Muslim, Abu Dawud, dan Nasa’i)
Pengingkaran
yang dilakukan Rasulullah shallallahu ‘alaihi wa sallam dengan tanpa menyuruh
orang itu mengulangi shalatnya menunjukkan sahnya shalat tersebut meskipun
makruh. Dari Ibnu Abbas, ia berkata, “Aku pernah shalat, namun muazin sudah
mulai iqamat, maka Nabi Allah shallallahu ‘alaihi wa sallam menarikku dan bersabda,
“Apakah kamu shalat Subuh empat rakaat?” (HR. Baihaqi, Thabrani, Abu Dawud Ath
Thayalisi, Abu Ya’la, dan Hakim ia berkata, “Hadits tersebut sesuai syarat
Bukhari dan Muslim.”)
Dari Abu Musa Al
Asy’ariy radhiyallahu ‘anhu, bahwa Rasulullah shallallahu ‘alaihi wa sallam
pernah melihat seorang shalat (sunah) dua rakaat Subuh ketika muazin sudah
iqamat, maka Beliau memegang pundaknya dan bersabda, “Bukankah shalat ini
sebelum dilakukan ini (iqamat)?” (HR. Thabrani, Al Iraqi berkata, “Isnadnya
jayyid.”)
Abu Bakr Al
Jazairiy berkata, “Tidak boleh memulai melakukan shalat sunah ketika shalat
fardhu telah diiqamatkan.

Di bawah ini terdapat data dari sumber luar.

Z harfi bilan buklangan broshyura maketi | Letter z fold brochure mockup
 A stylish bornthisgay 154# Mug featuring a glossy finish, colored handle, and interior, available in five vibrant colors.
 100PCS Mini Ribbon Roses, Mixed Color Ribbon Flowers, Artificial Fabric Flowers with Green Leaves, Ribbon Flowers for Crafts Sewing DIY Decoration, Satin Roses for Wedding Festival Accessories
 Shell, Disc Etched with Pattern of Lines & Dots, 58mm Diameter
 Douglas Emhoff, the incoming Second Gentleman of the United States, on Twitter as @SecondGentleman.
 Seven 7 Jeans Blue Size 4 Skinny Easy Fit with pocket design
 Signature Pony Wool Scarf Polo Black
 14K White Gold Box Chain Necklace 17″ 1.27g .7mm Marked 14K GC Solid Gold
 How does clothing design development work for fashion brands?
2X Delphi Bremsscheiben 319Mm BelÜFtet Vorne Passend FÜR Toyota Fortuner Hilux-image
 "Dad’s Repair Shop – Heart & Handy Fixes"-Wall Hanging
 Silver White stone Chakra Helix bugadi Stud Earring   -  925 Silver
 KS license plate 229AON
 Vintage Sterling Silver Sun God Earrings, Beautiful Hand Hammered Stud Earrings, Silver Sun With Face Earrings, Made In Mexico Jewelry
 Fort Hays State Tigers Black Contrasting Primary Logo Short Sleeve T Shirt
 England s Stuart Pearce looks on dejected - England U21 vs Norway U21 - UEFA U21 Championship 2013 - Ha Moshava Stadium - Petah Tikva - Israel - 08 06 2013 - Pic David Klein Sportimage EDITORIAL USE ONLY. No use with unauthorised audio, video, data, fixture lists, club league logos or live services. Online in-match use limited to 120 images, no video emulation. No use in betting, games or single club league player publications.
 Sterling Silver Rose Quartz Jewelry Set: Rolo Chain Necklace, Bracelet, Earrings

Jika ternyata sudah iqamat, namun ia sedang melakukan
shalat sunah, maka hendaknya ia putuskan jika rakaatnya belum sampai bangun
dari ruku. Jika sudah, maka ia sempurnakan secara ringan.” (Minhajul Muslim
hal. 185)
Wallahu a'lam, wa shallallahu 'ala Nabiyyina Muhammad wa
'alaa aalihi wa shahbihi wa sallam, wa akhiru da’wana anil hamdulillahi Rabbil
’alamin.
Marwan bin Musa
Maraji’: Fiqhussunnah (S. Sabiq), Minhajul Muslim (Abu Bakr Al
Jaza’iriy), Maktabah Syamilah versi 3.45, dll.
[i] Imam Nawawi
berkata, “Setan mendekatkan kepalanya kepada matahari pada waktu-waktu itu agar
orang-orang kafir yang bersujud kepada matahari seakan seperti bersujud
kepadanya dalam gambaran. Ketika itulah, setan dan para pengikutnya tampak
mempunyai kekuatan dan mampu mengelabui orang-orang yang shalat dalam
shalatnya, maka dimakruhkan shalat pada saat ini untuk menjaga shalat itu
sebagaimana dimakruhkan shalat di tempat-tempat yang ditempati setan.”